• [Input data]

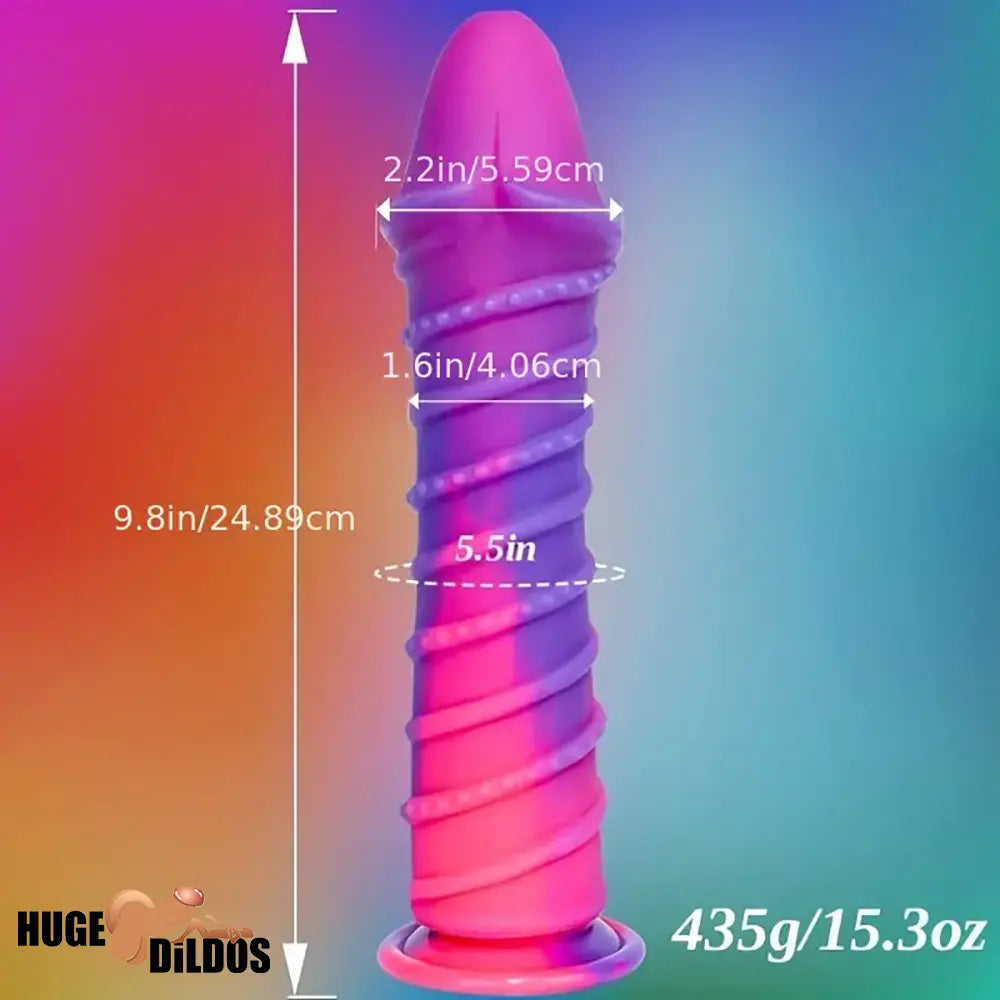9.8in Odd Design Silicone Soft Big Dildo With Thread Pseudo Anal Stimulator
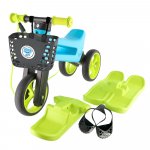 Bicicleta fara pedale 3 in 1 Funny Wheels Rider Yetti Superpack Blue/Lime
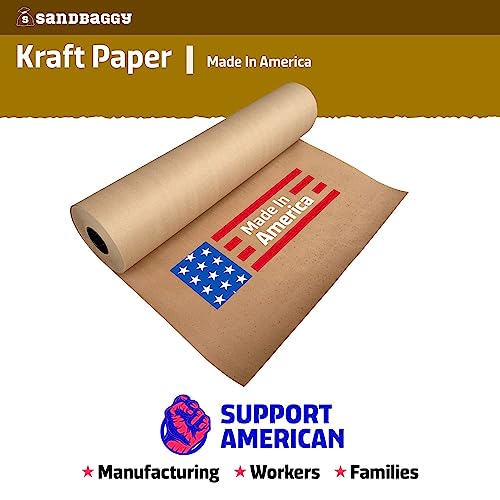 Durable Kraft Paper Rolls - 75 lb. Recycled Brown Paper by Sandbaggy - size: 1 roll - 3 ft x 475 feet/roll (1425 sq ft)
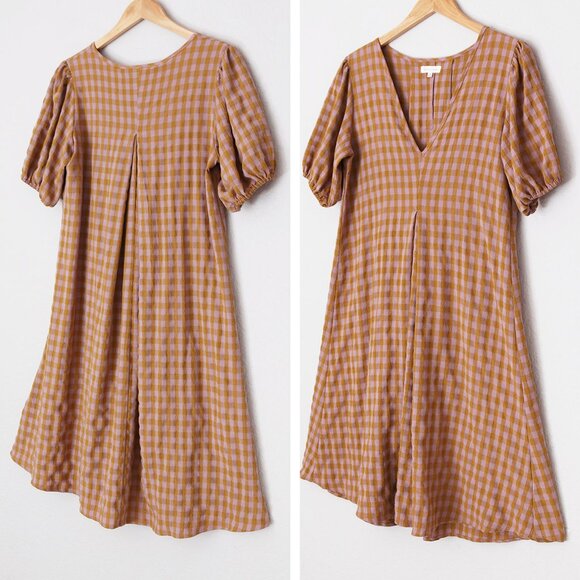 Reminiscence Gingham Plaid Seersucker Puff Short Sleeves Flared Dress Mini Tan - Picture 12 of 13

• [What is needed] Copy out, with no pictures, the lines from the one containing "Bicicleta fara pedale" through the last line of the data above, both ends included and each word unchanged.

• [Expected output]
 Bicicleta fara pedale 3 in 1 Funny Wheels Rider Yetti Superpack Blue/Lime
 Durable Kraft Paper Rolls - 75 lb. Recycled Brown Paper by Sandbaggy - size: 1 roll - 3 ft x 475 feet/roll (1425 sq ft)
 Reminiscence Gingham Plaid Seersucker Puff Short Sleeves Flared Dress Mini Tan - Picture 12 of 13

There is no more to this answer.